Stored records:
_ _ _ _ _

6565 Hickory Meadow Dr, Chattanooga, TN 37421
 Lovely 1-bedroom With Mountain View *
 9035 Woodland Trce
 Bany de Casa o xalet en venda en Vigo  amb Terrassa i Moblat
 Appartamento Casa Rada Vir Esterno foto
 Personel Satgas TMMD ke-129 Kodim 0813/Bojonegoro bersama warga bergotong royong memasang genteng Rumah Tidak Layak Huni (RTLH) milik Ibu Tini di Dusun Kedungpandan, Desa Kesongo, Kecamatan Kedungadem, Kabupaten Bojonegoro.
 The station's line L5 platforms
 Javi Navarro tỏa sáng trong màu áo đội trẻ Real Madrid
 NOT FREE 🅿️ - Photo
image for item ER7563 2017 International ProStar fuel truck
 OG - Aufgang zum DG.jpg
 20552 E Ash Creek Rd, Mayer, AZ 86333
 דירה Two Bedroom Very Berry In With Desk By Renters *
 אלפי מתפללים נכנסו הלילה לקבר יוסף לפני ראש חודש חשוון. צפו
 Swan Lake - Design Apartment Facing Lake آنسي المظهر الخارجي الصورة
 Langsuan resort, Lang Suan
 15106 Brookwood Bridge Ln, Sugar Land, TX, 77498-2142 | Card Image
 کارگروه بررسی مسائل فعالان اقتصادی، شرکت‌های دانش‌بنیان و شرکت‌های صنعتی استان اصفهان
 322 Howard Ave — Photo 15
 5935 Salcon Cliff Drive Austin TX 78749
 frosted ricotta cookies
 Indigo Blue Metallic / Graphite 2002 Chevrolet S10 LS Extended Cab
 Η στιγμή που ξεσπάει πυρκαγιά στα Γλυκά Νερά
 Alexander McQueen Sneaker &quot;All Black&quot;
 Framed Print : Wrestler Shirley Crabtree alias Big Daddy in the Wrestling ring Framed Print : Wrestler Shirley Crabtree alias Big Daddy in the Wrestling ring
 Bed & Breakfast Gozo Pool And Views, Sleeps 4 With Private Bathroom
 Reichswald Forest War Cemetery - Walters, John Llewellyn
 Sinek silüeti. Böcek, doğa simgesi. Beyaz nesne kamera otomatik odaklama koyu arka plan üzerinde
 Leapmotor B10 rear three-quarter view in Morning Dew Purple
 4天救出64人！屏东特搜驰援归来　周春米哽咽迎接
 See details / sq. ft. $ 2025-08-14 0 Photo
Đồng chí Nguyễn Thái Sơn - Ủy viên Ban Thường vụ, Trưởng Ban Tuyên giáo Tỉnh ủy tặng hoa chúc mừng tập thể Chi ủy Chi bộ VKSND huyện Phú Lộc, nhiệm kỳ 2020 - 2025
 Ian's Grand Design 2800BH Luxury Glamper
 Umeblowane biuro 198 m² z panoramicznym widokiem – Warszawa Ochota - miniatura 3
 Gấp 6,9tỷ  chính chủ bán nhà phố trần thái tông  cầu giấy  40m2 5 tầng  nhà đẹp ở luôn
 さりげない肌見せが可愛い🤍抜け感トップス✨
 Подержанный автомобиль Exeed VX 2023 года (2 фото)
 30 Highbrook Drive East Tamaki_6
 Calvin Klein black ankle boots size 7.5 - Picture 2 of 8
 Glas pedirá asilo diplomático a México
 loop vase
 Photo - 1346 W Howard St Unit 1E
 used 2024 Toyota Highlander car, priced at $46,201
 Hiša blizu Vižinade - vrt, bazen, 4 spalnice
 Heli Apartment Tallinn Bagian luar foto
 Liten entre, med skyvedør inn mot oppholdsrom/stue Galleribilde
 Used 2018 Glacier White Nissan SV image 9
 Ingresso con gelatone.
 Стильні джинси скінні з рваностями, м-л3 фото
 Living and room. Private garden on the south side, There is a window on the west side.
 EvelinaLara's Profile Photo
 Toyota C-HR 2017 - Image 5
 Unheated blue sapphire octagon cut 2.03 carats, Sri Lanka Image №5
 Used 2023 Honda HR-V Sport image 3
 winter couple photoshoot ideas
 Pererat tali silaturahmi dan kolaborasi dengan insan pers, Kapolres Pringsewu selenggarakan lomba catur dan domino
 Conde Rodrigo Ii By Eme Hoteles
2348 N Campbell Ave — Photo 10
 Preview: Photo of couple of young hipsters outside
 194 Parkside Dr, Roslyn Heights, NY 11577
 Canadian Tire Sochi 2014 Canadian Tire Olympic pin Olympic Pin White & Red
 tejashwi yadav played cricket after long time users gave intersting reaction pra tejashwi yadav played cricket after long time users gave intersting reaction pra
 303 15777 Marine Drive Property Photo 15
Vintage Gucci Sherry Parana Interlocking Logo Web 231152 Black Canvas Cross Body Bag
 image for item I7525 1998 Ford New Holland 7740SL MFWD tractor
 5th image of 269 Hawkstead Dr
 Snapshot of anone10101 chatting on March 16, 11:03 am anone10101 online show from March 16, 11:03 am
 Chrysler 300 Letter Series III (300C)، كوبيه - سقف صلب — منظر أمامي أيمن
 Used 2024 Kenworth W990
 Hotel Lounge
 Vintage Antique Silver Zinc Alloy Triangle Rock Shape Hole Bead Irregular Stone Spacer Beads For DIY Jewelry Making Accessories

_ _ _ _ _

About this exercise:
Lines in the data that include the word "White" should all be copied.

Written reply:
 Used 2018 Glacier White Nissan SV image 9
 Canadian Tire Sochi 2014 Canadian Tire Olympic pin Olympic Pin White & Red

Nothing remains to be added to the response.